▸ Activity: Using the material that follows, output exactly the lines from the one containing "Ma’at Feather Egyptian" through the one containing "Kindershirt lange mouwen 116 framboos", with both ends kept.

▸ Supplied data:

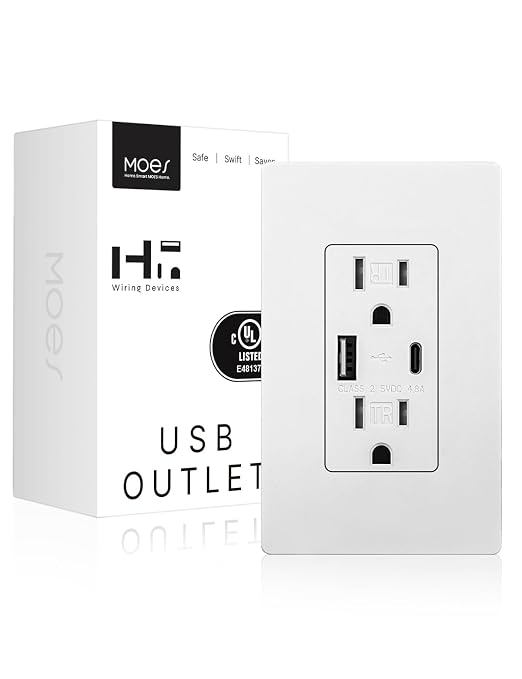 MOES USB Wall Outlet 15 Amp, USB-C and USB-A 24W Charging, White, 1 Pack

...

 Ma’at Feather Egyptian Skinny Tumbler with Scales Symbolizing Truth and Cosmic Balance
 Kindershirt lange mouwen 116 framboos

* * *

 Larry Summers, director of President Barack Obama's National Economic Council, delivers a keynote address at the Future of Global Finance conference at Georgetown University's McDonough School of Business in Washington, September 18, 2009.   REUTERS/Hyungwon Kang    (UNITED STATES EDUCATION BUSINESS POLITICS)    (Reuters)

▸ Answer section:
 Ma’at Feather Egyptian Skinny Tumbler with Scales Symbolizing Truth and Cosmic Balance
 Kindershirt lange mouwen 116 framboos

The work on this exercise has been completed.